Gorsuch proposal rife with problems
One benefit of having the World Cup training sessions, where there were no spectators and relatively low traffic, is that it revealed that the traffic South Aspen street can handle is very limited.
It was such an eye-opener to see that an ambulance, a couple of vans and small trucks at the top of Aspen street caused traffic gridlock. Now imagine Gorsuch Haus with delivery trucks, taxis, ambulances, cars, garbage trucks, etc. — all vying for the same space; and back-up beep, beep, beeps of motor vehicles resonating throughout the neighborhood all day from 5 a.m. until perhaps 11 p.m.

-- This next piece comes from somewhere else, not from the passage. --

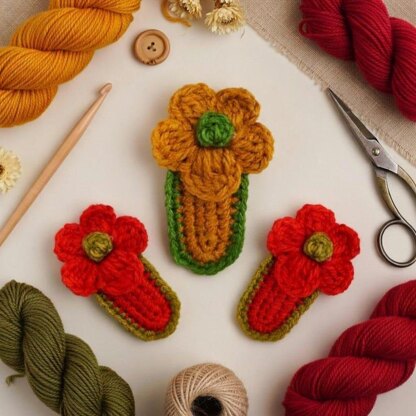 Crochet flower hair clip Pdf + Video Tutorials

Until seeing how the traffic was affected by the relatively few vehicles, I did not have a sense of what a nightmare having traffic at the top of Aspen Street due to Gorsuch Haus would cause. Cars were initially backed up on Aspen Street until World Cup security eventually decided to stop them at the bottom to allow traffic to clear. Again, the traffic jams were created when only four to five vehicles were at the top.
There is no way that a turnaround cul-de-sac can accommodate more than a few vehicles at the top of Aspen Street. Hotels typically have at least two or three points of entry for motor vehicles. Gorsuch Haus proposes one on a narrow street! Unbelievable!
Among other major problems with the Gorsuch Haus proposal, the traffic flow issues have clearly not been adequately addressed or assessed.